Try it
Beginning with the line that contains "Rise From The", restate each line below through the final one exactly, and exclude the pictures.

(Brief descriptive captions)
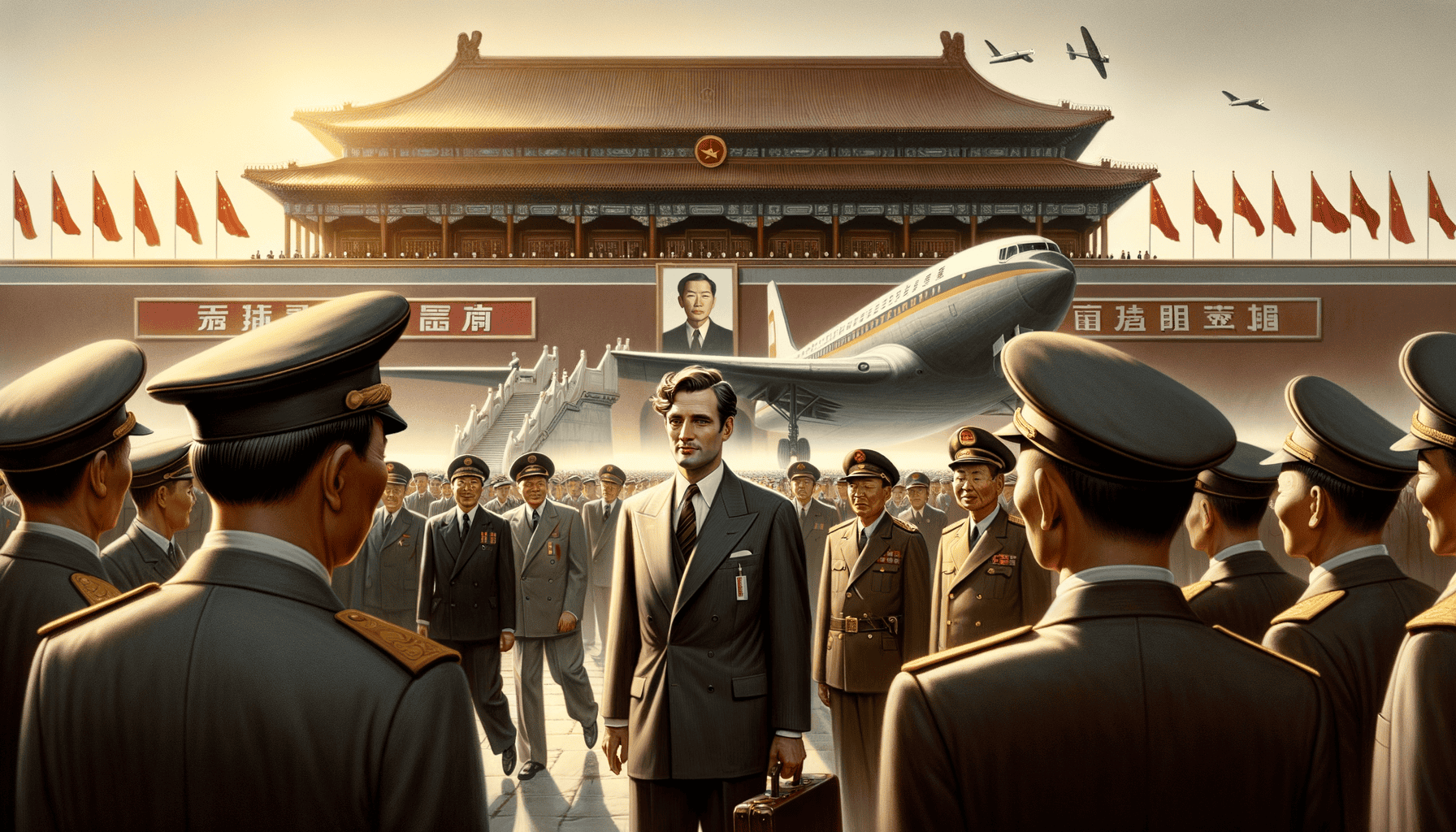 Nixon's 1972 China Gambit: Kissinger's Chess, Ping Pong Diplomacy, and the Cold War Thaw 3 Image Description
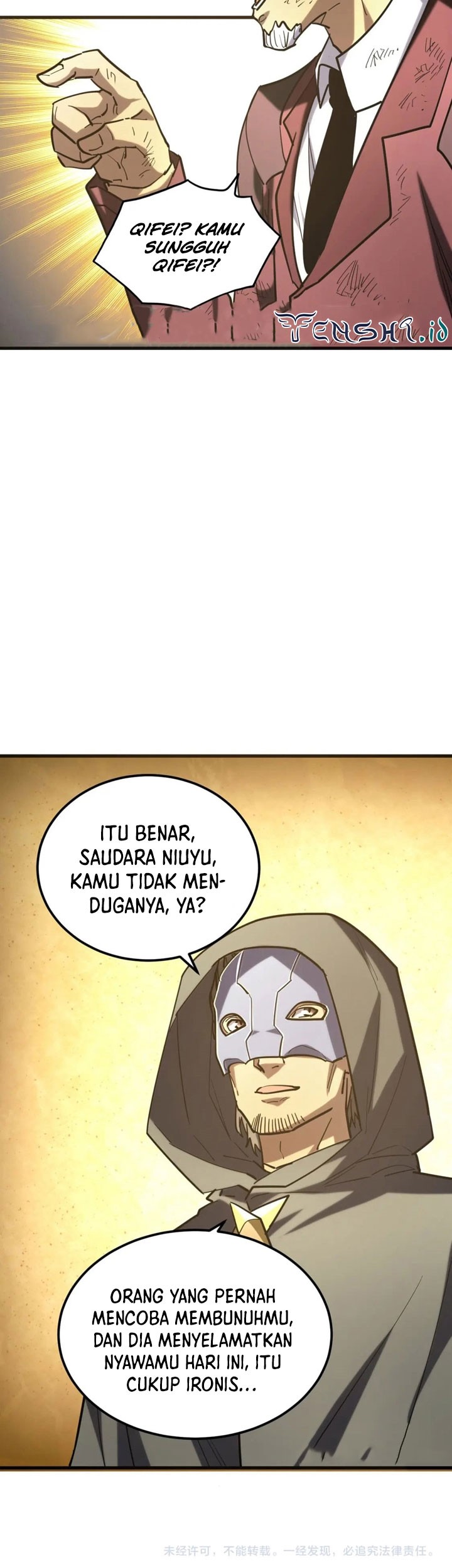 Rise From The Rubble Chapter 219 - halaman 36
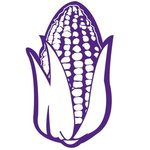 18" Corn Foam Cheering Mitt - Purple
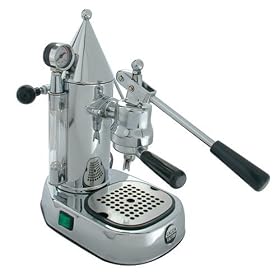 Gaggia 77002 16-Cup Manual Espresso Machine, Silver by Gaggia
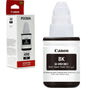 Canon GI-490 BK Noir – Bouteille d’encre noire Canon d’origine (0663C001AC)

Answer to the problem
 Rise From The Rubble Chapter 219 - halaman 36
 18" Corn Foam Cheering Mitt - Purple
 Gaggia 77002 16-Cup Manual Espresso Machine, Silver by Gaggia
 Canon GI-490 BK Noir – Bouteille d’encre noire Canon d’origine (0663C001AC)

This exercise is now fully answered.